Abu Qatada's family follow him out of Britain


17-08-2013 09:09 AM

Ammon News - The Telegraph

Abu Qatada's wife and five children left their taxpayer funded home in north-west London and were driven to Heathrow Airport by officials from the Home Office just after lunchtime.

They then boarded the 5.05pm American Airlines flight to Amman, where Qatada is currently awaiting trial of terrorism charges.

The family’s departure signals a victory for the Home Office, which successfully secured Qatada’s deportation from Britain last month, following a decade long legal battle, which is estimated to have cost the taxpayer in excess of £3 million.

A spokesman for the Home Office confirmed that the family had left and said they had also abandoned their bid to be granted the right to live here permanently.

The spokesman said: “Abu Qatada’s wife and five children have now left the UK. The family has formally agreed to stop an outstanding application for indefinite leave to remain.”

Sources said the Home Secretary would also use the powers available to her to prevent the family from returning to Britain in the future.

Qatada fled to Britain from Jordan in 1993 with his wife and three children, using a forged United Arab Emirates passport. He went on to have two more children in Britain.

He claimed asylum on the grounds of religious persecution and was granted leave to remain in 1994.

Five years later he was convicted in absentia in Jordan of terror charges and sentenced to life imprisonment.

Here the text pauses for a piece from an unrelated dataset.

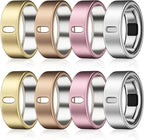 8 Pack Cover Compatible with Oura Ring Gen 4/Oura Ring Gen 3 Horizon/Heritage,Charging Derectly,Matte Texture Wear-Resistant Anti-Scratch TPU Protector for Women Men Working Out Gym(B,Size 12) by Vigamen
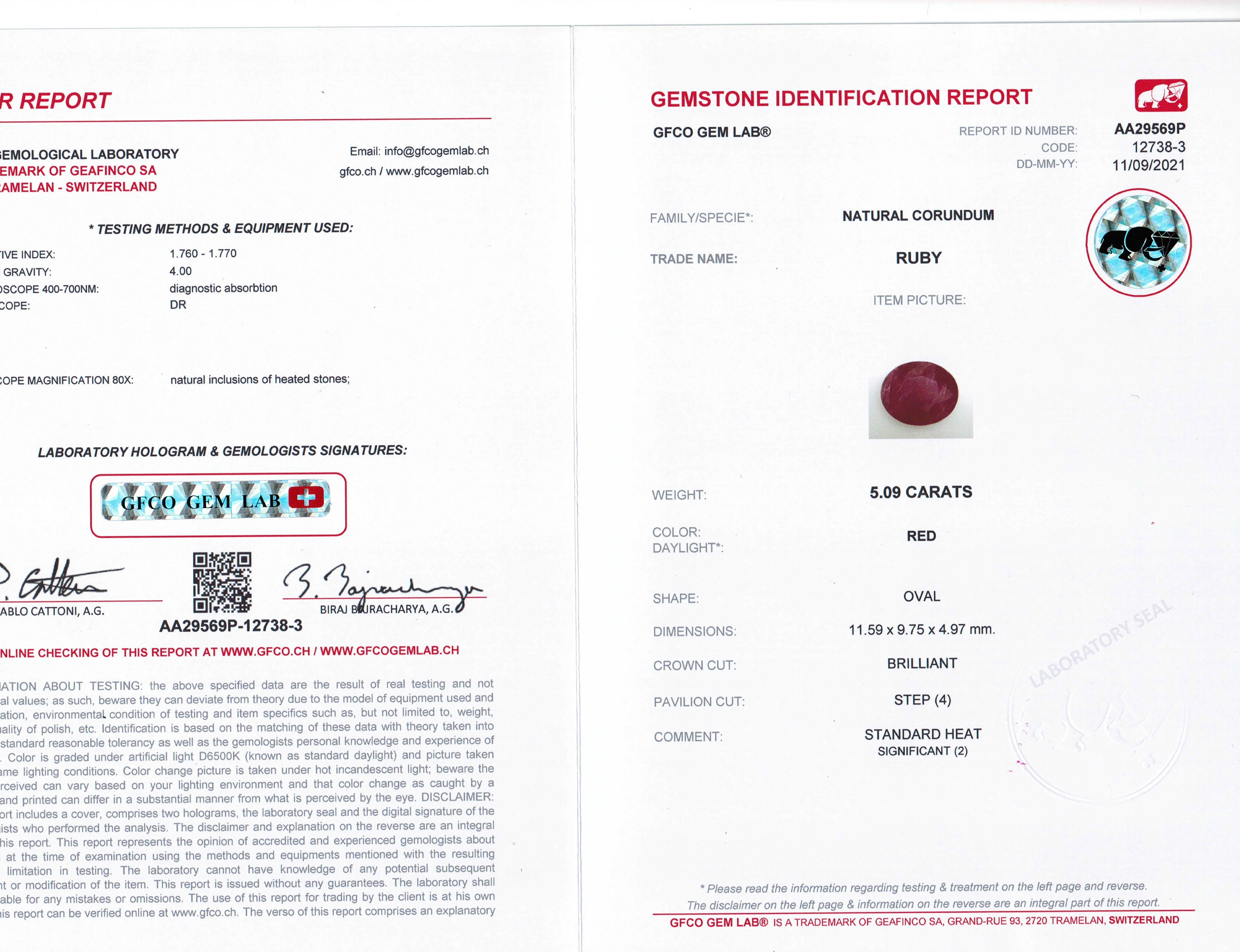 5.09 Ct. Ruby from Mozambique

In 2001 he was questioned over alleged links to a German terror cell and became one of the country’s most wanted men when he went on the run.

He was finally arrested in 2002 and detained at Belmarsh high security jail in south east London, while the government tried to work out what to do with him.

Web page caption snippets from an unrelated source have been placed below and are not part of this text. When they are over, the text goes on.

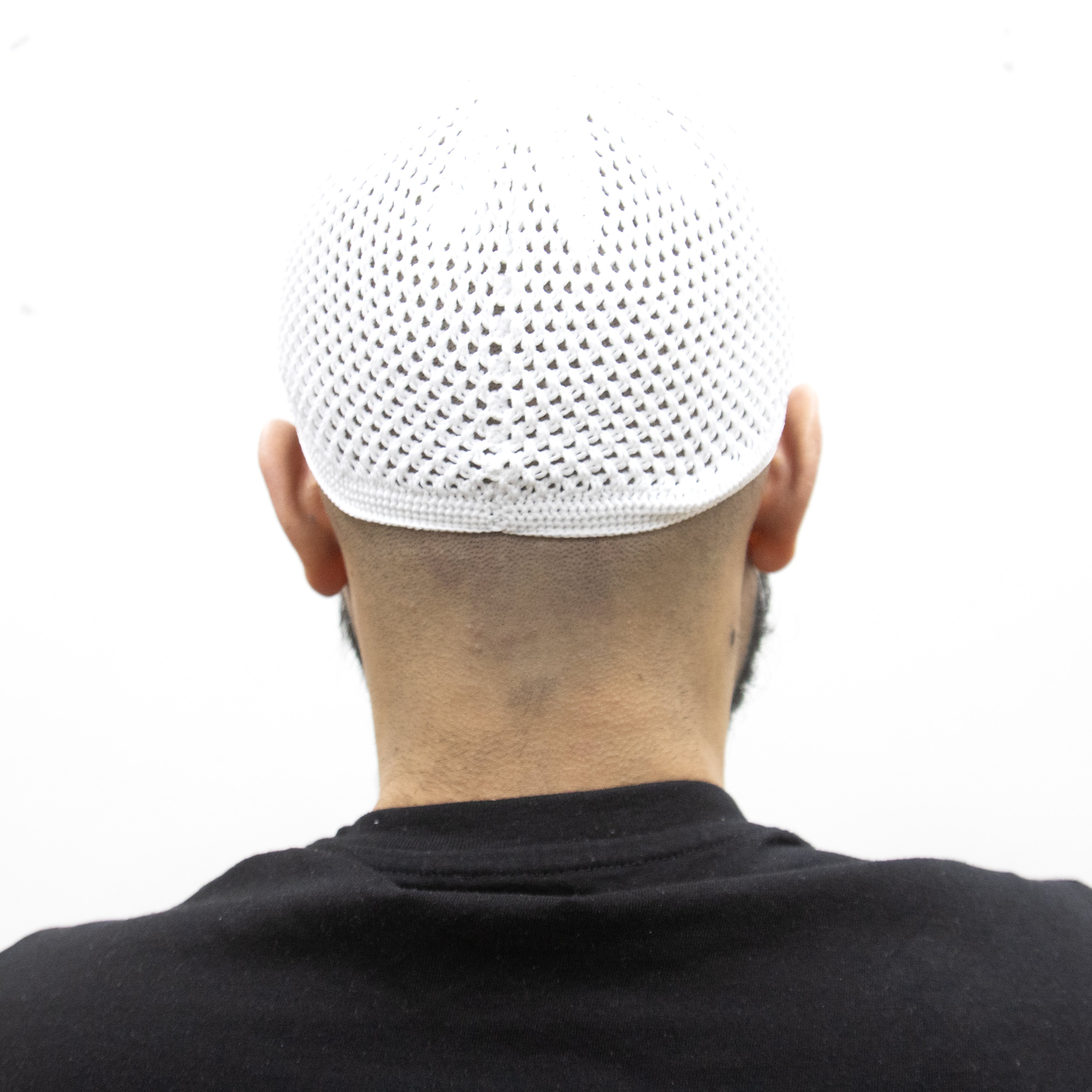 Mens Soft Touch Prayer Hat White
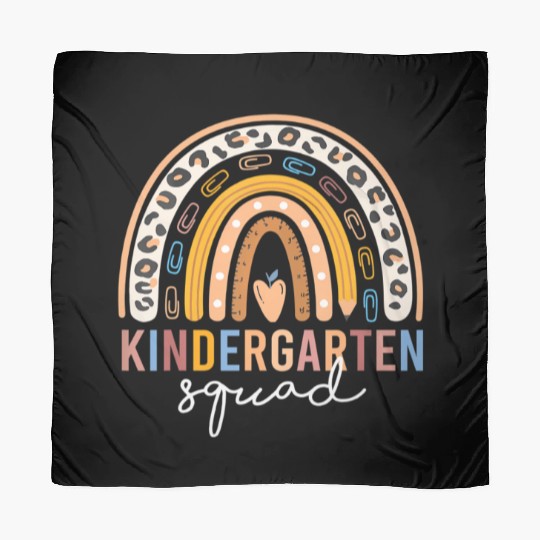 Kindergarten Squad Leopard Rainbow Back To School Scarves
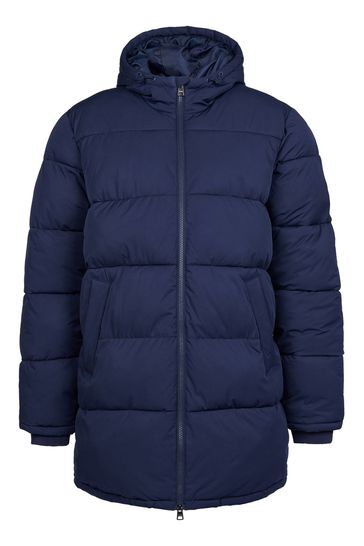 Navy blue polo puffer jacket cheap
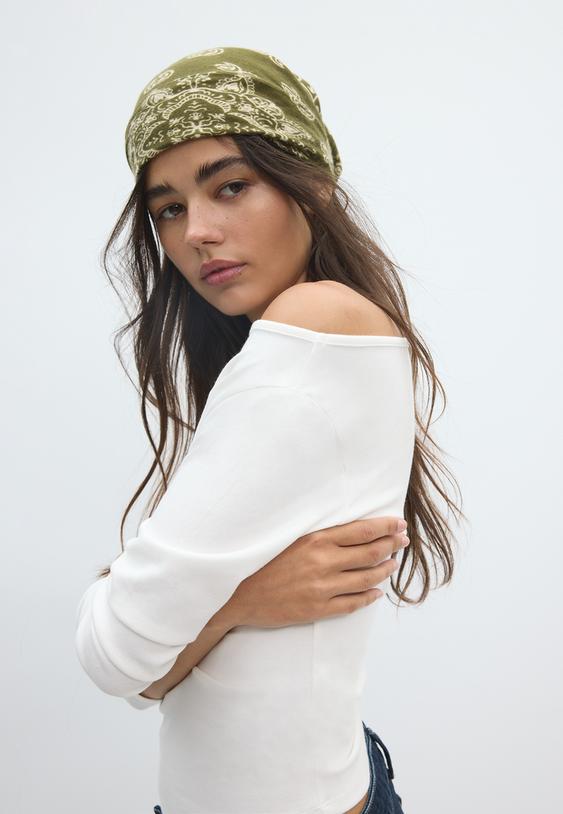 foulard effetto cashmere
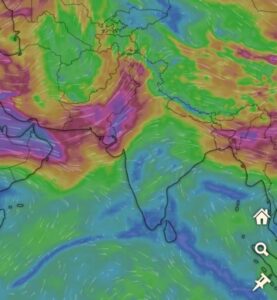 A dark shelf of storm clouds gathers over North India, bringing the threat of hailstorms, gusty winds, and a sharp drop in daytime temperatures this Sunday. (Photo: X/@NavdeepDahiya55)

Attempts to deport him to his native Jordan were persistently frustrated by the European Courts which argued that such action would breach his human rights.

However when the Jordanian government ratified a new treaty, providing assurances over his right to a fair trial, Qatada gave up his fight to remain in Britain.

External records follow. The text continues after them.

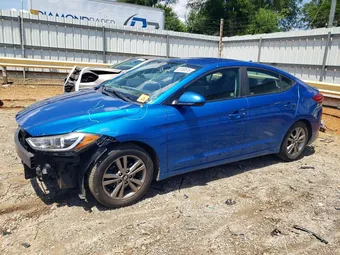 2017 Hyundai Elantra KMHD84LF6HU401862 Lot 55188516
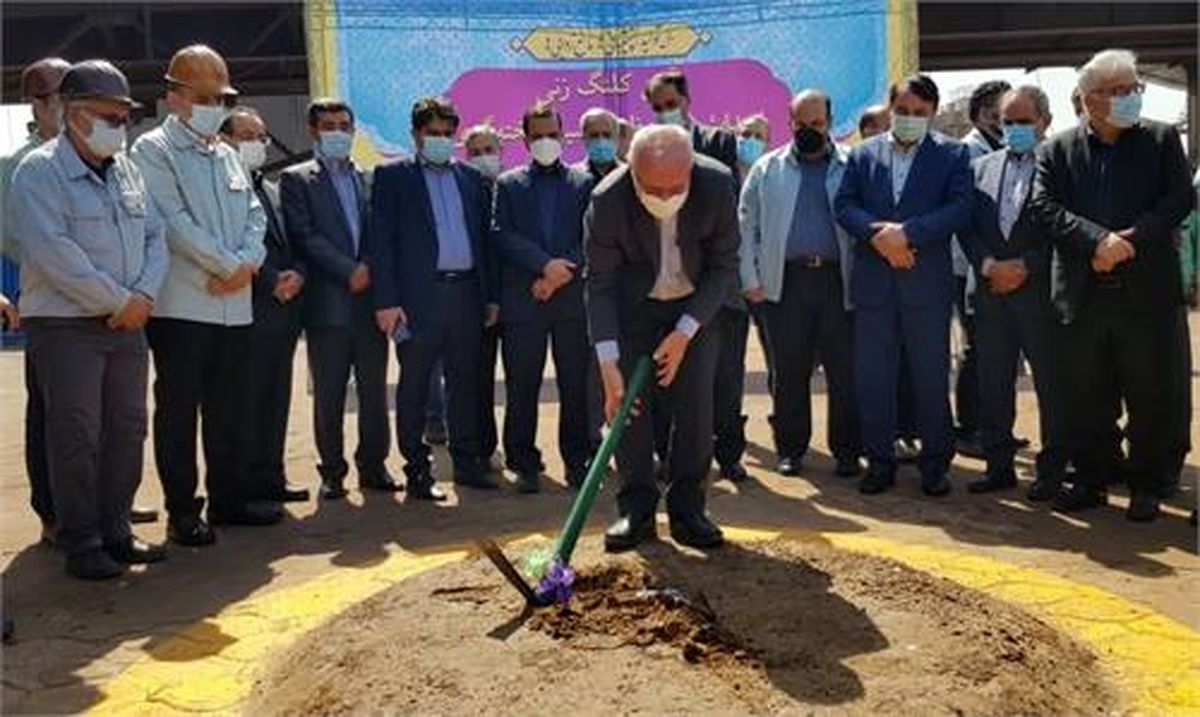 آیین کلنگزنی 3 طرح عظیم شرکت فولاد خوزستان برگزار شد
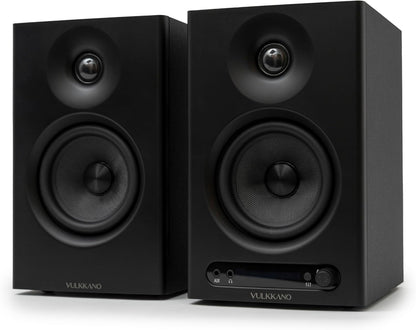 VULKKANO PRO4 Studio monitoren met 4 inch Woofer, Bluetooth, symmetrische TRS-ingang, RCA, hoofdtelefoonuitgang, AUX, optisch, EQ-instellingen, luidspreker voor monitor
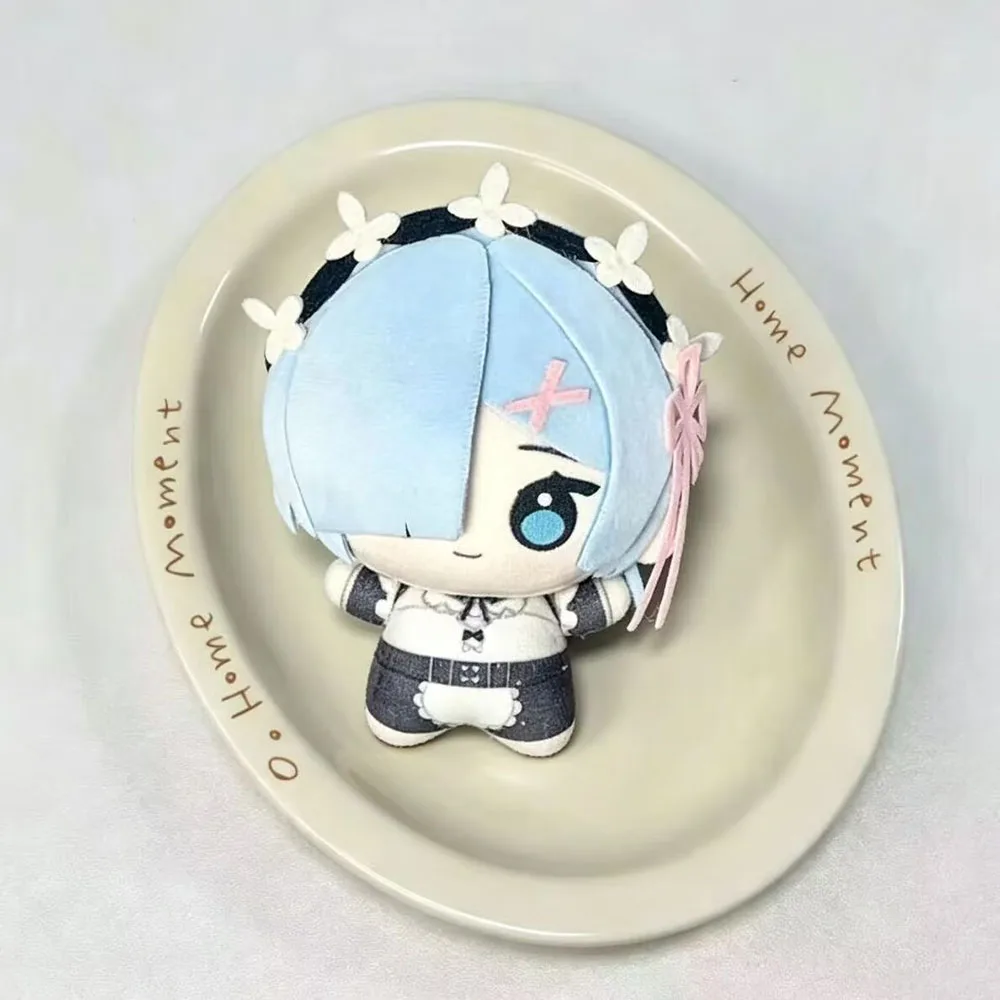 Фото Плюшевая кукла-подвеска Рем из аниме Re:Zero - Жизнь в другом мире с нуля, 10 см, мягкая игрушка, украшение для рюкзака, праздничный подарок №3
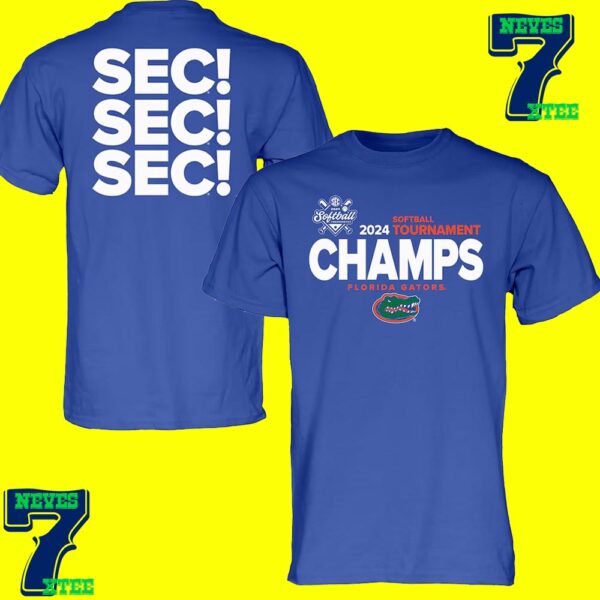 Florida Gators 2024 SEC Softball Conference Tournament Champions Two Sides Unisex T-Shirt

He left Britain on a private jet last month and is currently being held at Muwaqqar prison outside Amman, awaiting a retrial on terror offences.

His wife and children had been living in a half a million pound detached house in Stanmore, Middlesex after being moved there from their previous home in Acton, west London.

They were receiving benefits worth around £800 a week and had applied for the right to remain in Britain indefinitely.

But in recent months pressure had been mounting on the family to follow Qatada back to Jordan.

Neighbours in the street where they had been living since December had recently launched a collective protest about their presence and had threatened to stop paying their council tax until they were removed.

Members of the extremist English Defence League had also held protests against the family’s continued presence in the UK.

In a letter to an Islamic website, one of Qatada’s sons recently wrote: “Racist pressure groups in Britain hold demonstrations outside the house on a weekly basis between four in the afternoon and eleven in the evening. These demonstrators would scream and curse at us and at Islam.”

But in the letter he also claimed that the house was too small for the family and was too far from the schools attended by the younger children.

Before Qatada’s deportation the family had applied for the right to leave Britain for a third country, but the Home Office said the only country they could travel to was Jordan.

In the letter he wrote: “Let no one be under the impression that we want to stay here after having suffered so much."